Die einst mächtigen Herrscher der antiken Götterwelt finden kaum noch Beachtung. Der griechische Zeus und der römische Jupiter sind heute nur noch steinerne Reliquien überholter Religionen. Beeindruckende Bauwerke zeugen vom Aufstieg und Fall vergangener Hochkulturen, die mit den Göttern im Bunde standen.

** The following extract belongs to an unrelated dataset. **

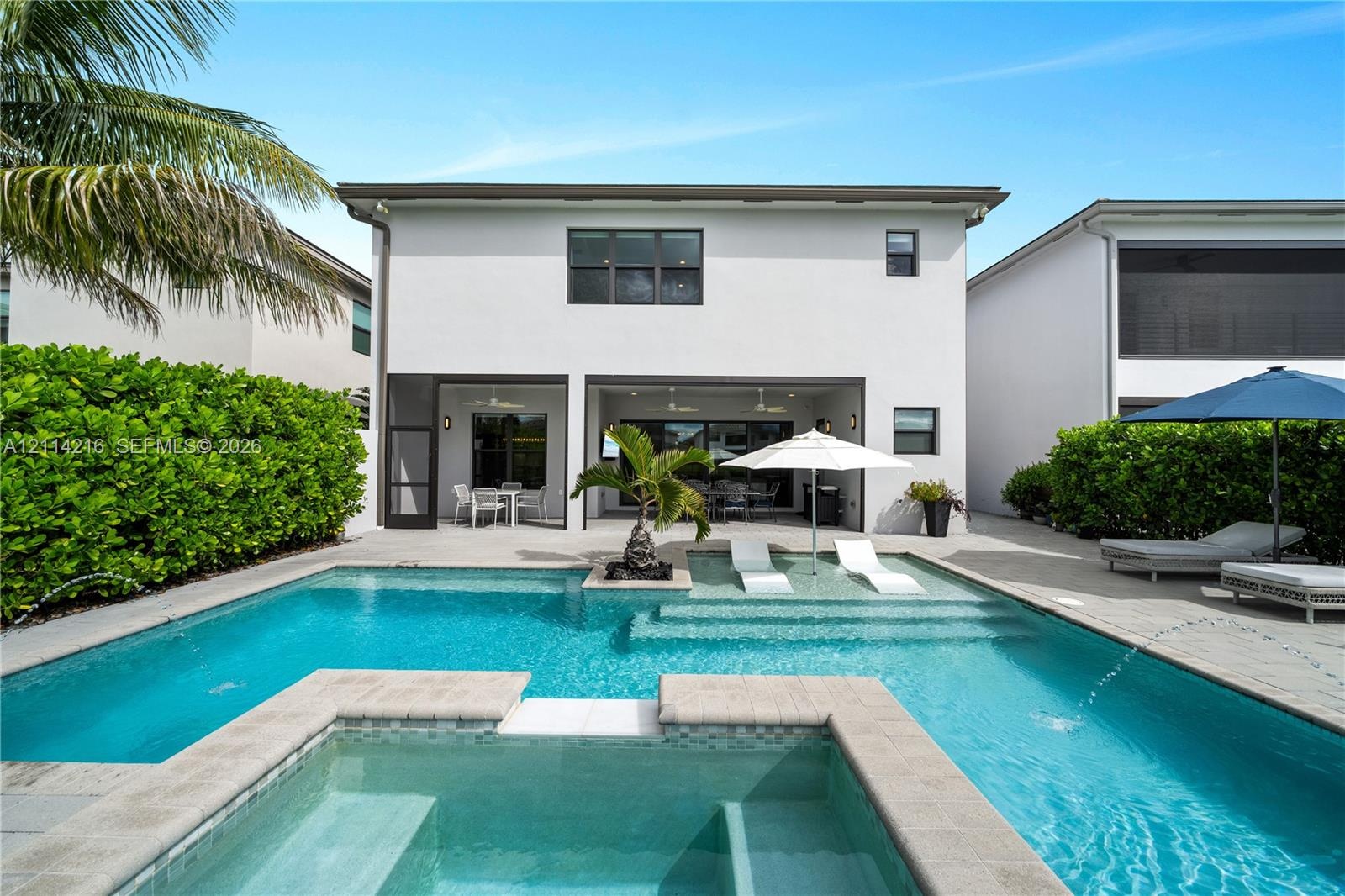 Swimming pool featuring a sun shelf with water fountains, raised spill-over spa, paved deck, and a covered lanai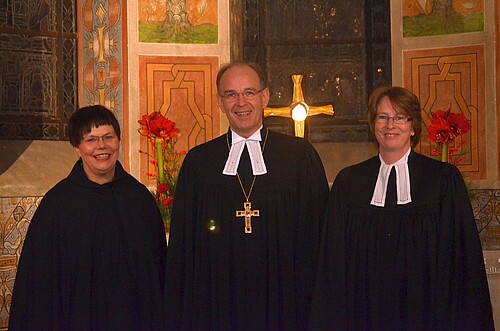 Zwei Frauen, darunter Rosemarie Meding, Äbtissin des Kloster Marienwerder, und ein Mann stehen vor dem Altar der Klosterkirche Marienwerder.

Nach dem Glauben der Alten Griechen thront Zeus - Vater der Götter und der Menschen - hoch auf dem Gipfel des Olymp. Als oberste Gottheit ist der Sohn von Rhea und Kronos auch für das Wetter verantwortlich. Etwa 2000 vor Christus entstand die Religion der ersten bekannten Hochkultur in Europa. Die griechische Mythologie kennt neben verschiedenen Göttergeschlechter auch Halbgötter und zahlreiche Naturdämonen. Der Olymp verfasst keine Gebotsliste für die Gläubigen. Die Griechen kommen ohne einen festen Priesterstand aus und nehmen die Dienste von Sehern und Heilern in Anspruch. Trotz Christianisierung und dem damit verbundenen Ende der Götterverehrung hat die griechische Mythologie und die römischen Überlieferungen aus der Welt der Götter die Jahrtausende überdauert.Die Dokumentation beleuchtet die Religion der Alten Römer sowie die Glaubensvorstellungen im antiken Griechenland und stellt die bedeutendsten Heiligtümer vor.